I am finding that vl is not finished yet. It will need a lot of work to be as productive as vvvv, because right now vl still makes fire with sticks. In a damp forrest, if you catch my drift.
With that assessment up front, I can assure you that most of your actual concerns are temporary.
The Pads with equally named Inputs/Outputs are your datatype definition, like a Formular for Messgae (if you are familar with that). At first glance they seemed awefully odd, but because they are very visual and quick to make (Ctrl and Shift are your friends), they grew on me quite quickly. The pattern is clear, and it will make click.
The state is a whole different issue.
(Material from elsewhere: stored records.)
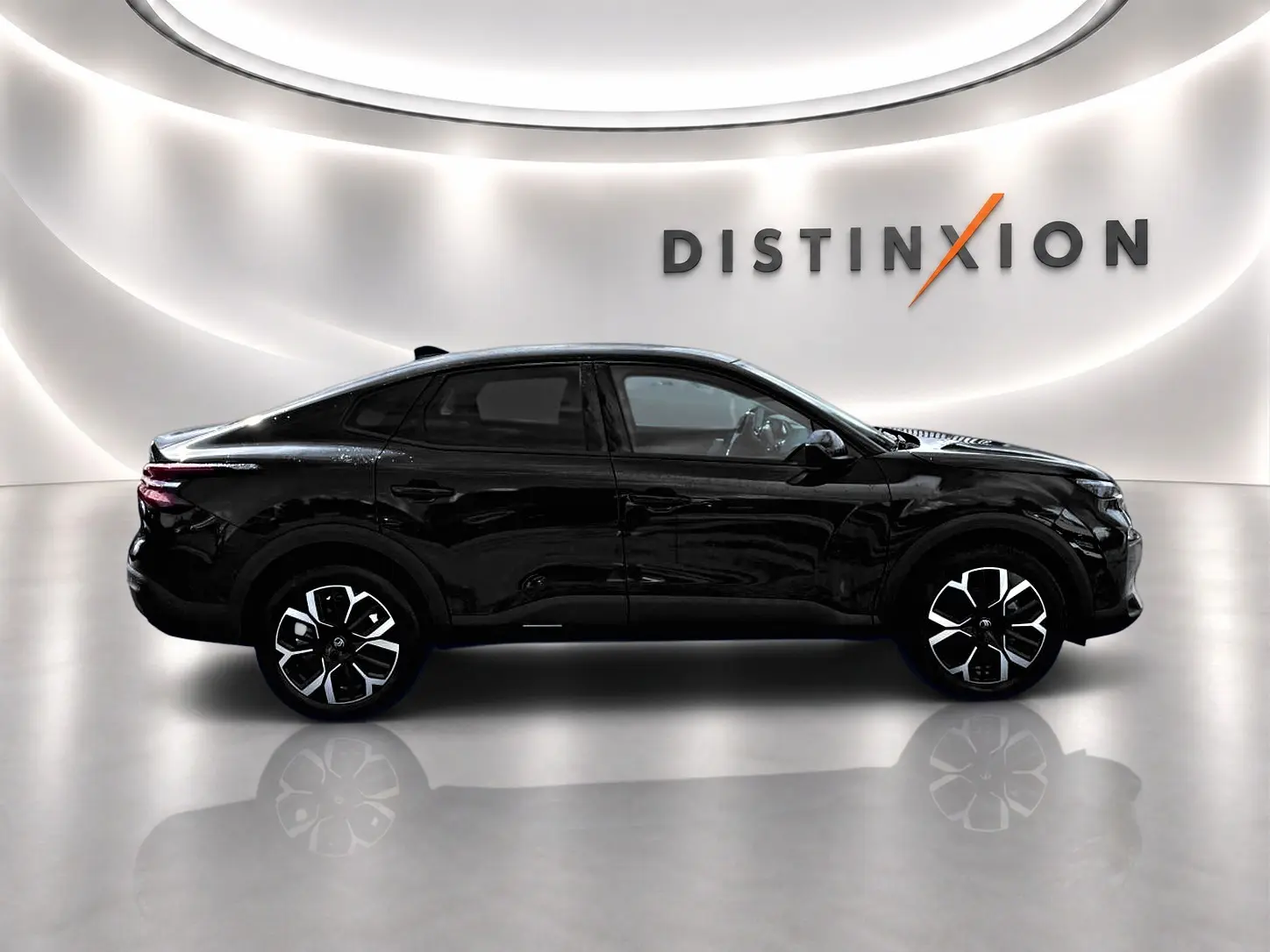 Profil côté gauche de la Citroën C4 X noire 2025 avec jantes alu distinctives dans un studio lumineux.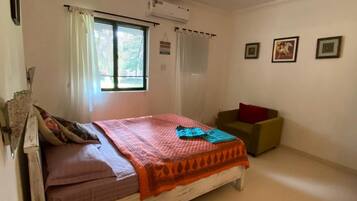 Un dormitorio con cama, una mesita, una silla, un ventilador de techo y una ventana con cortinas.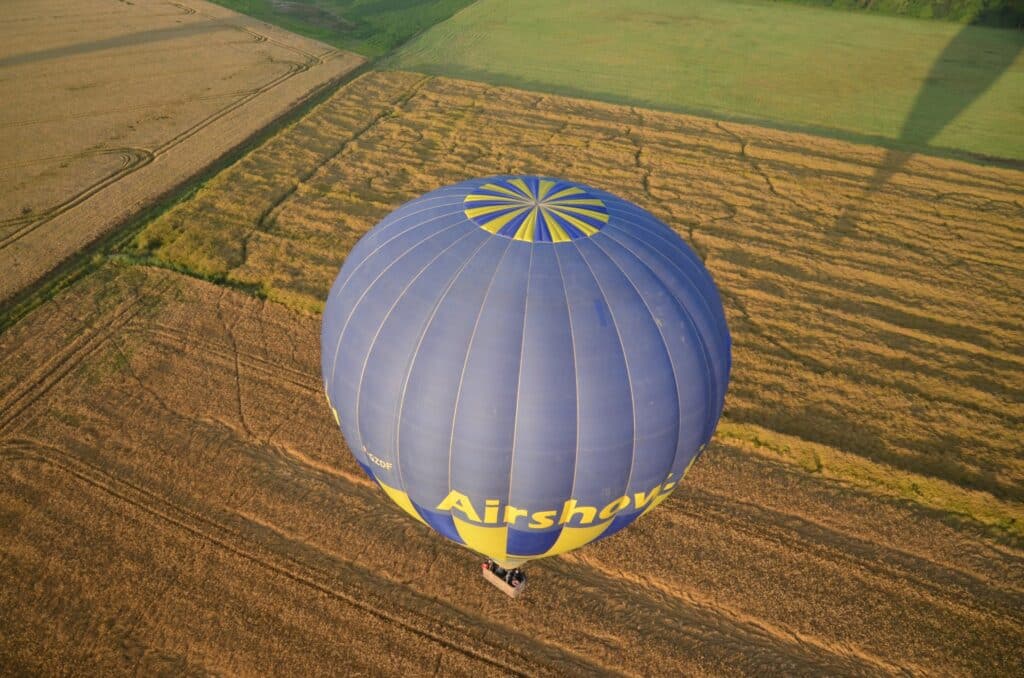 Une montgolfière survolant un champ verdoyant, offrant une perspective unique et sereine du paysage en dessous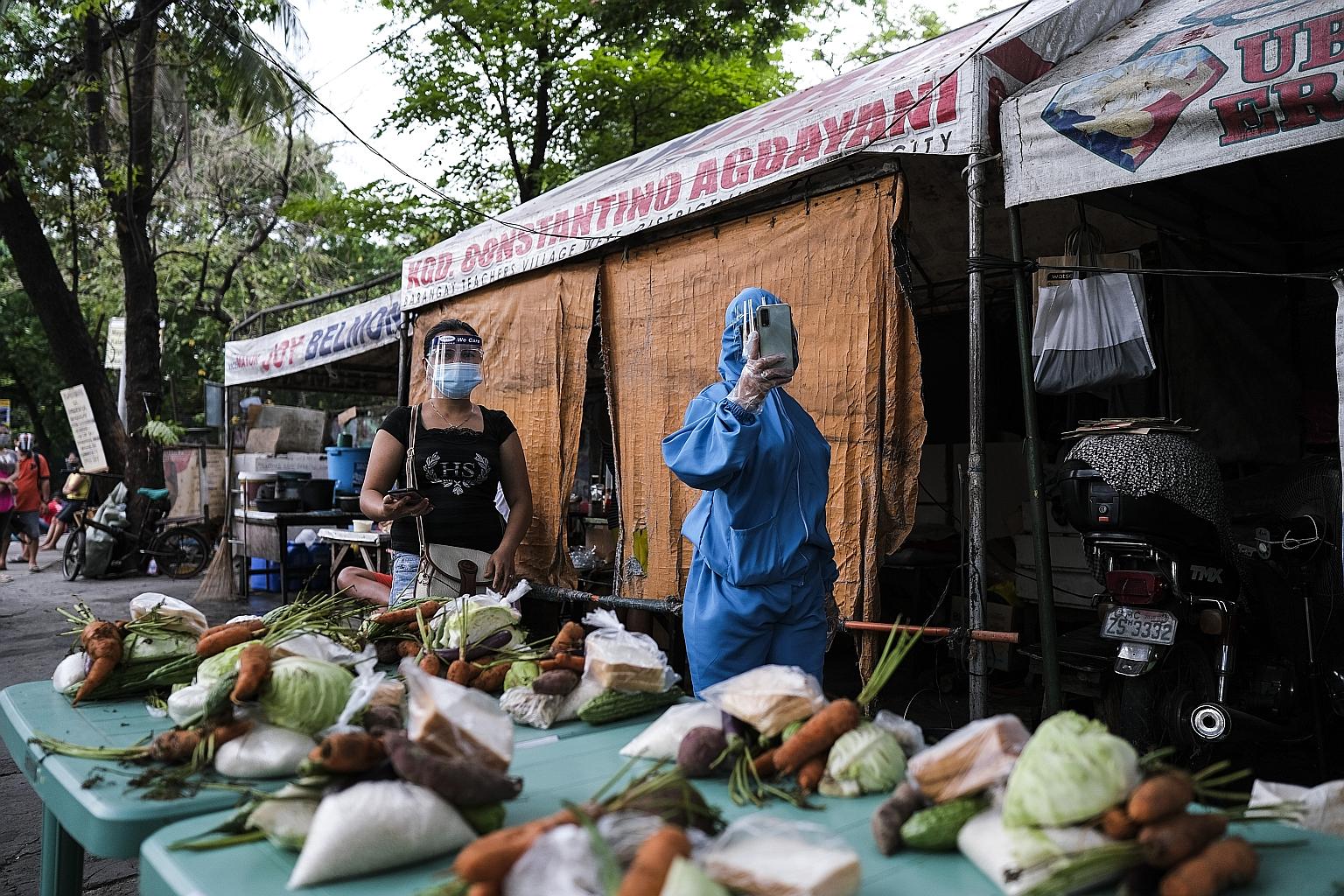A health safety official checking vegetables donated by farmers in Manila yesterday. The Philippines - where officials in the capital have banned all non-essential movement - halved the rate of contraction of its gross domestic product to 4.2 per cen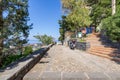 Cefalu, Italy - March 24, 2019: Entrance to Rocca di CefalÃÂ¹, stairs leading to the pathway to hill top with the sea in the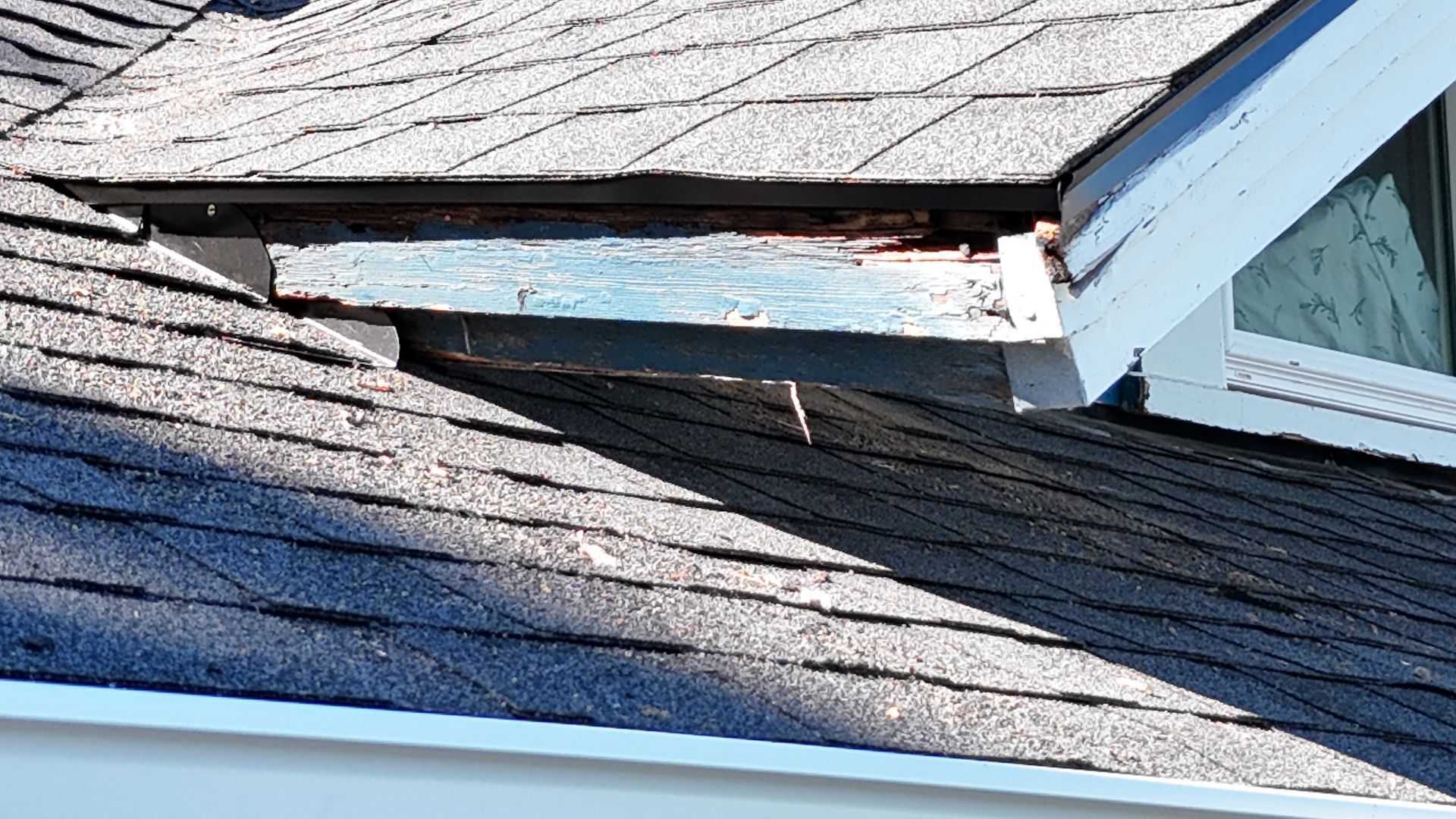 A section of a residential roof showing a damaged, rotting wooden trim board underneath the shingled roof overhang.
It has been a vvvv issue all the time, even if you didn’t know, and in effect a vvvv user was forced to keep a steady spreadcount if things were to run smoothly. This limitation was inconsequential for most visual experiments, but it was always a brick wall, when trying to patch a more flexible thing according to professional requirements (like multitouch, or something involving game elements). and it seems certain that vl needs more of the high-level nodes again to mimick the easy vvvv flow.
VL is a language rather then a replacement of vvvv, So it will take some years till all appropriate libraries will be brained out (hopefully with help patches). Please mind that it took 4 years of the devvvvs life to brew the language (and the gui, and the parser, and the IL compiler, and the error reporting, and the importer, etc…), and my humble opinion is that its concepts are epic. Epic enough for me to torture myself with it. What’s under the hood of this thing is an enourmous achievement.
But don’t let yourself be fooled by the confident answers of @tonfilm and @joreg. I am sure they are struggling with finding useful patterns, best practises and practical explanations just as you are. If you need a joke: Devvvv’s been so much under the hood of their vehicle, they must have missed out to drive it ;)
When I started vvvv (beta12 or so) doing projects was like making fire with some loose branches, in a damp forrest. There was not even a node browser, and spreads were just that, there was no Bin Size anywhere except on the GetSlice. But vvvv grew, and its versatility. Community input, contributions and new features from relentless devvvvs made it better. Standard patching patterns and avoiding the pitholes made patching experience more fluid, and less frustrating. Learning about dark secrets of vvvv (like state, binsize, limits of s+r, dangers of framedelay) made patching less error prone.
Of course, there was nothing more versatile to compare it to (unlike vl now), so accepting faults was much easier back then (for me personally, accepting that was not an option, so I started grinding the sdk, but that is another story).
But give VL some time, and your openness. Do it like you did it with vvvv: read girlpowers, and try to understand. Tinker. Learn keyboard shortcuts from the grey book. And keep your stuff in vl as much as possible, avoid making a family of vvvv nodes for your project, even if tempted.
It will take bright minds to build up vl to the state where vvvv is. The “easy” nodes of vl might look very different from the easy nodes in vvvv, but they will come. The current state of vl is neither a chicken nor an egg, but it definitely has the power to eventually fulfil its promise.
It will take concious patchers, that put in extra effort to highlight bugs, and share their experience (both the frustrating and the godspeed ones).
It will take great effort of the devvvvs to manage a friendly ecosphere and help with tools, advise and stellar open source attitude to add well-patched community code as quick as feasible.
And it will take a lot of teachers, who are ready to rationalize their own understanding so others can partake.
So to close this non-answer: learing vl is hard, and the current state of it makes it sometimes brutal. Own mis-conceptions about the nature of a patch clashing with the reality of regions will leave you confused and even frustrated. I can tell you that some will vanish (because regions are awesome, especially the foreach). Some other things might not, because they are not as well designed as they could. Both sides need to be valued here.
I am still confused about vl concepts myself, and dissatisfied by the lack of many essential nodes, but I am sure with enough curious minds we can eradicate those for future generations of patchers.
Please continue threads like this. We need more talk about shortcomings and user stories, if we want VL to progress: At this stage we should discuss visions and preferences, as much as small design details and frustrations. It will be a way to become better patchers ourselves, and make vl better for future patches.
Because eventually, every knowing hand helps.